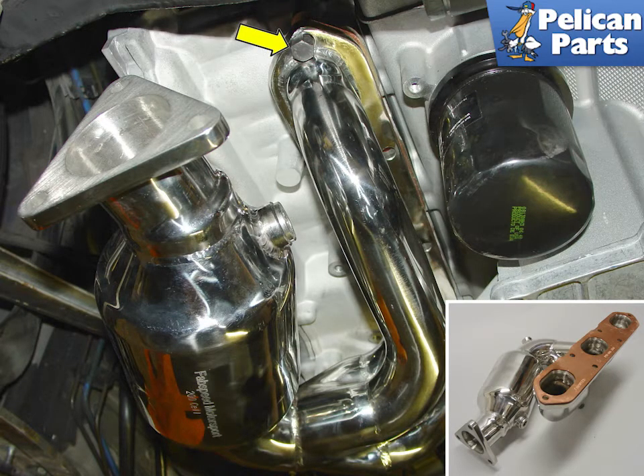This system includes a pair of high-flow catalytic converters. These converters are lighter weight and also more efficient than the stock dual units designed over a decade ago.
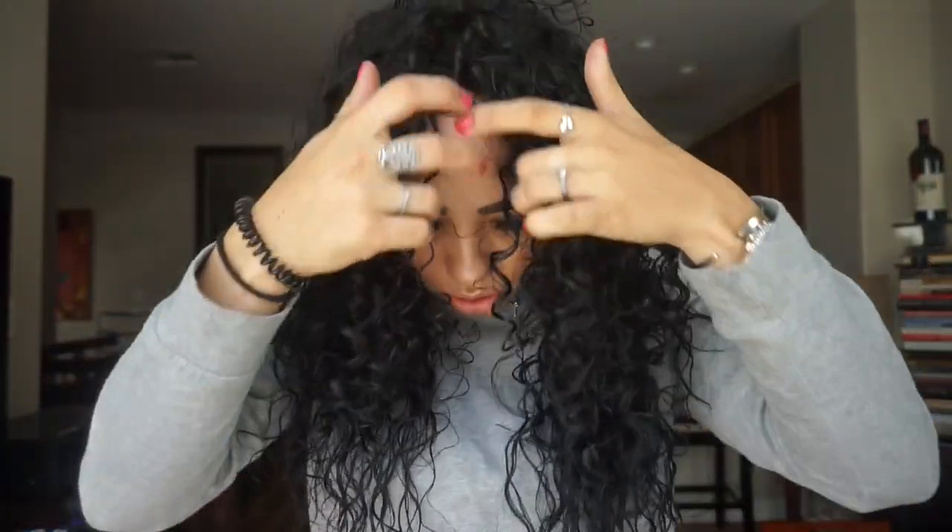My hair is about 95% dry and you can see my curls are freaking popping! Oh my gosh you guys, I'm like shook right now. My hair never looks this voluminous and it's super soft - usually mousse makes your hair really crunchy. My hair is still a little damp underneath so I'm just gonna diffuse it for a couple more minutes to get it a hundred percent dry.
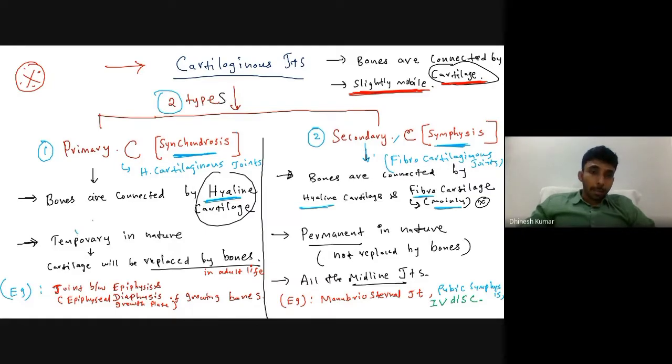Primary cartilaginous joints are temporary in nature because at a certain age the hyaline cartilage is replaced by bone in adult life. Secondary cartilaginous joints are permanent in nature — they are not replaced by bones, and the cartilage persists throughout life.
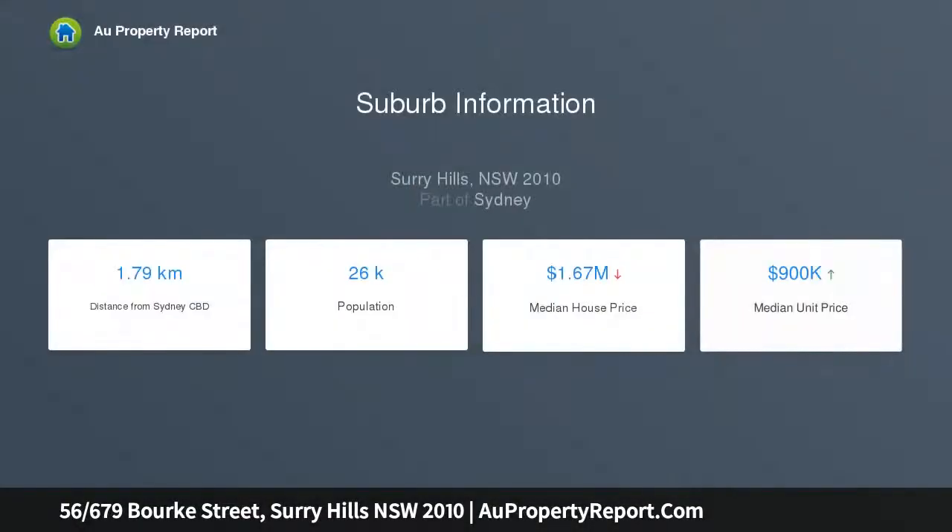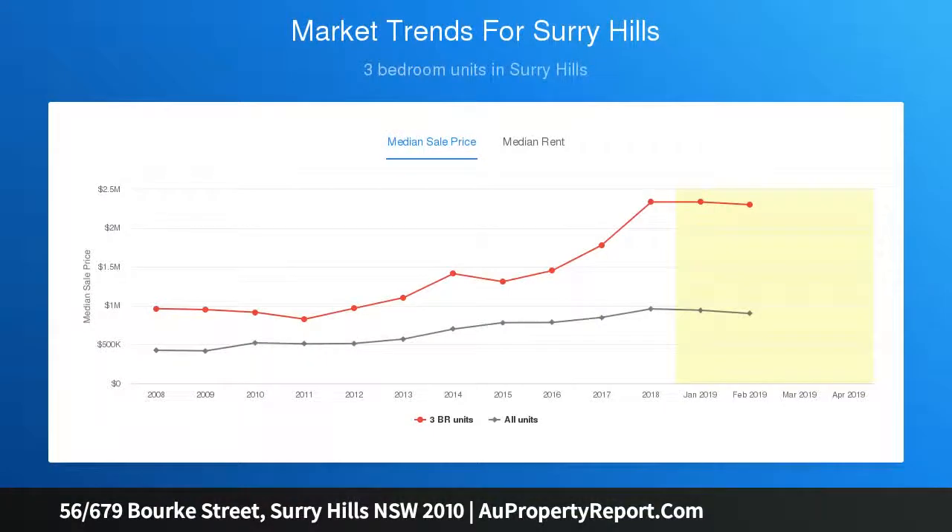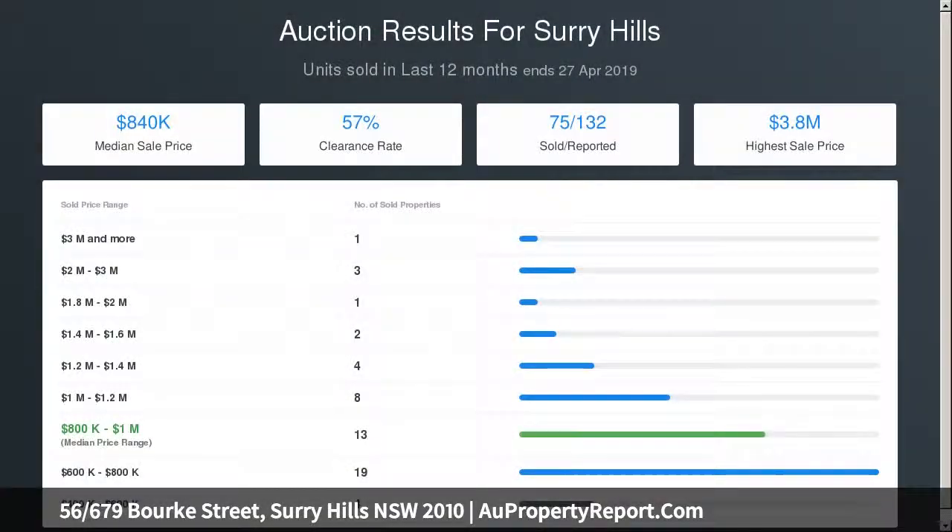Features include: large east facing living area opening to a balcony with city and district views, light filled kitchen with great storage, master bedroom with city views and built-in wardrobe, second bedroom with built-in wardrobe, spacious bathroom with bathtub, undercover security car space on title, and security intercom building with lift access.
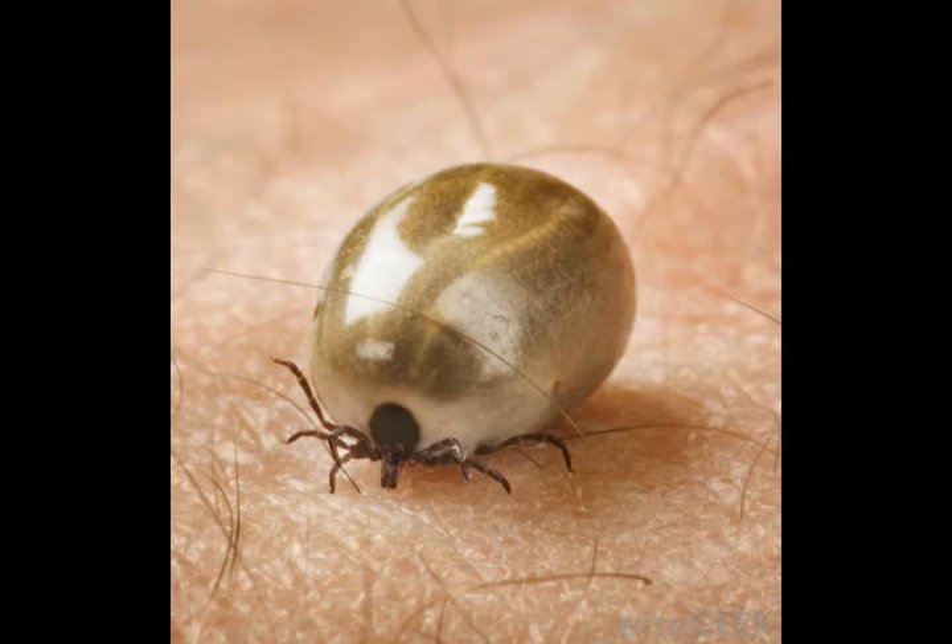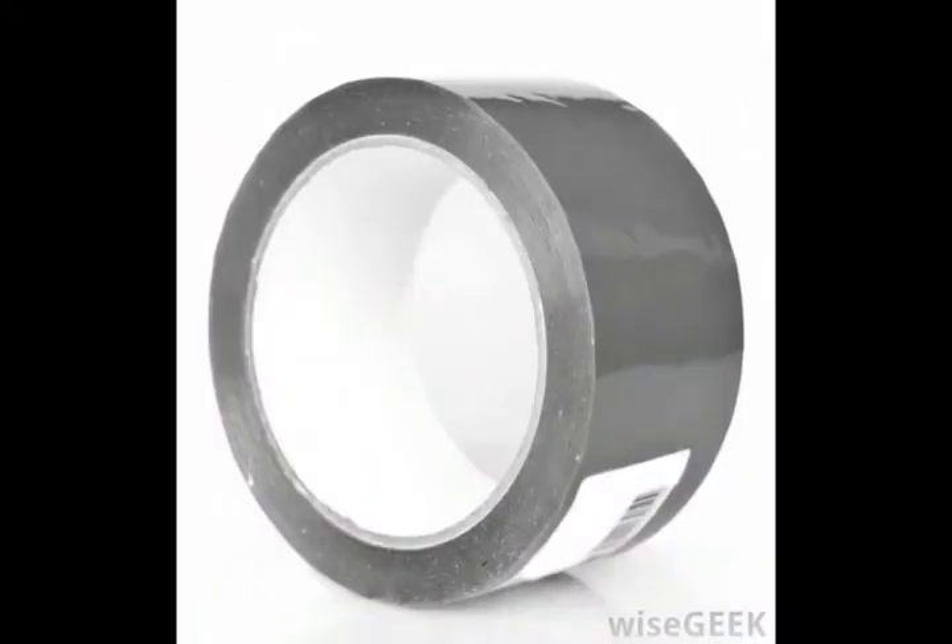The danger in ticks in this stage usually lies in their numbers. Where there is one, there are usually hundreds, if not thousands of others. Because seed ticks tend to congregate in the same area, they tend to find the same hosts, so someone who notices one nymph may find many others.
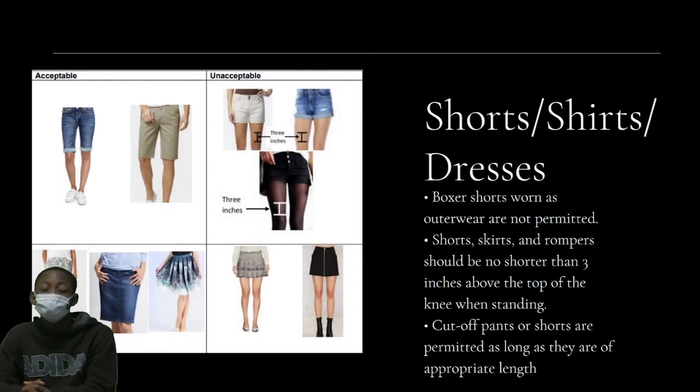Boxer shorts worn as outerwear are not permitted. Shorts, skirts, and rompers should be no shorter than three inches above the top of the knee when standing. Cut-off pants or shorts are permitted as long as they are the appropriate length.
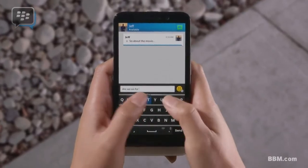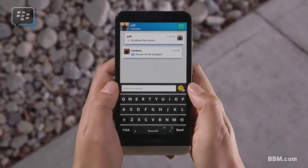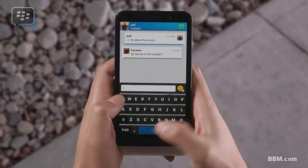BBM chats are the closest thing to a live conversation. You always know when your messages have been delivered and read. When you send a message, a D means the message has been delivered to the other person's phone. And when you see the D turn into an R, it means they've seen the message.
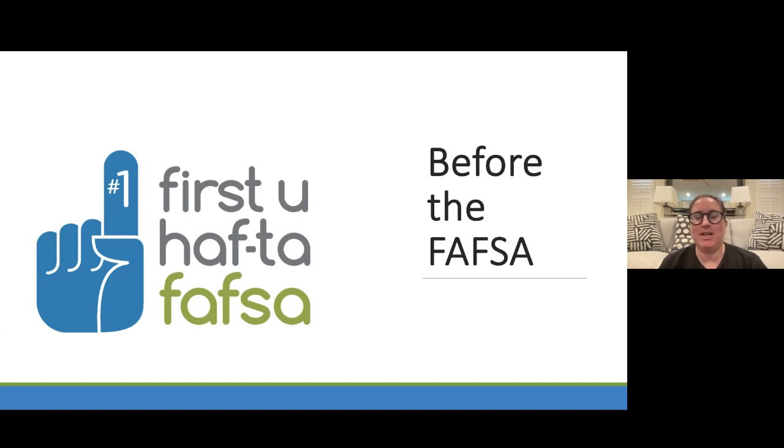Good morning, Phoenix Union. My name is Megan. I am an advisor at College Depot. Many of you, I'm sure, have heard of College Depot before, but in case you haven't, College Depot is a free, full-service college access center located at the Burden-Barr Central Library in downtown Phoenix.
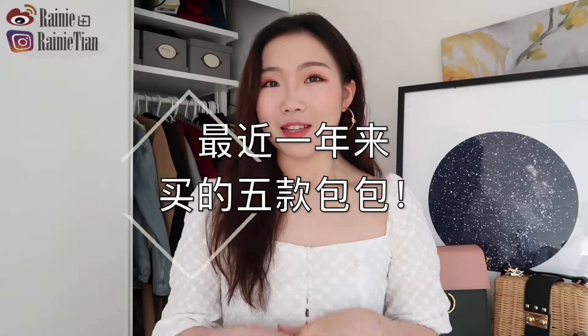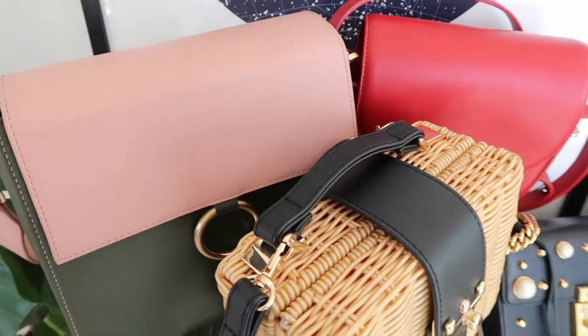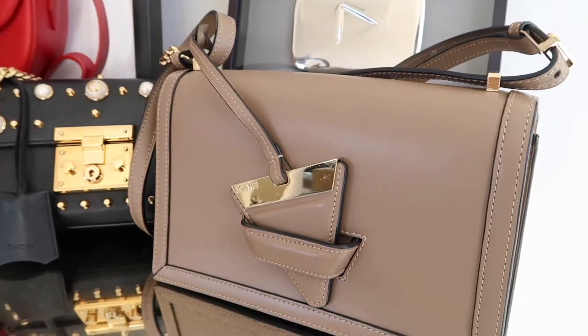大家好，我是月妮，今天要跟大家做的视频主题是review一下最近这一年来我买了一些包包。这次我跟大家review所有的包包，我都买了蛮长一段时间，比较平价的，可能不到100美金的，还有比较贵价的，都是我最近这一年来购入的5款包包。如果你很喜欢包包的话，这期视频你会看得非常爽。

(EXERCISE) A word-for-word repetition of the data above, without pictures, is the expected answer.

(RESULT)
This system includes a pair of high-flow catalytic converters. These converters are lighter weight and also more efficient than the stock dual units designed over a decade ago.
My hair is about 95% dry and you can see my curls are freaking popping! Oh my gosh you guys, I'm like shook right now. My hair never looks this voluminous and it's super soft - usually mousse makes your hair really crunchy. My hair is still a little damp underneath so I'm just gonna diffuse it for a couple more minutes to get it a hundred percent dry.
Primary cartilaginous joints are temporary in nature because at a certain age the hyaline cartilage is replaced by bone in adult life. Secondary cartilaginous joints are permanent in nature — they are not replaced by bones, and the cartilage persists throughout life.
Features include: large east facing living area opening to a balcony with city and district views, light filled kitchen with great storage, master bedroom with city views and built-in wardrobe, second bedroom with built-in wardrobe, spacious bathroom with bathtub, undercover security car space on title, and security intercom building with lift access.
The danger in ticks in this stage usually lies in their numbers. Where there is one, there are usually hundreds, if not thousands of others. Because seed ticks tend to congregate in the same area, they tend to find the same hosts, so someone who notices one nymph may find many others.
Boxer shorts worn as outerwear are not permitted. Shorts, skirts, and rompers should be no shorter than three inches above the top of the knee when standing. Cut-off pants or shorts are permitted as long as they are the appropriate length.
BBM chats are the closest thing to a live conversation. You always know when your messages have been delivered and read. When you send a message, a D means the message has been delivered to the other person's phone. And when you see the D turn into an R, it means they've seen the message.
Good morning, Phoenix Union. My name is Megan. I am an advisor at College Depot. Many of you, I'm sure, have heard of College Depot before, but in case you haven't, College Depot is a free, full-service college access center located at the Burden-Barr Central Library in downtown Phoenix.
大家好，我是月妮，今天要跟大家做的视频主题是review一下最近这一年来我买了一些包包。这次我跟大家review所有的包包，我都买了蛮长一段时间，比较平价的，可能不到100美金的，还有比较贵价的，都是我最近这一年来购入的5款包包。如果你很喜欢包包的话，这期视频你会看得非常爽。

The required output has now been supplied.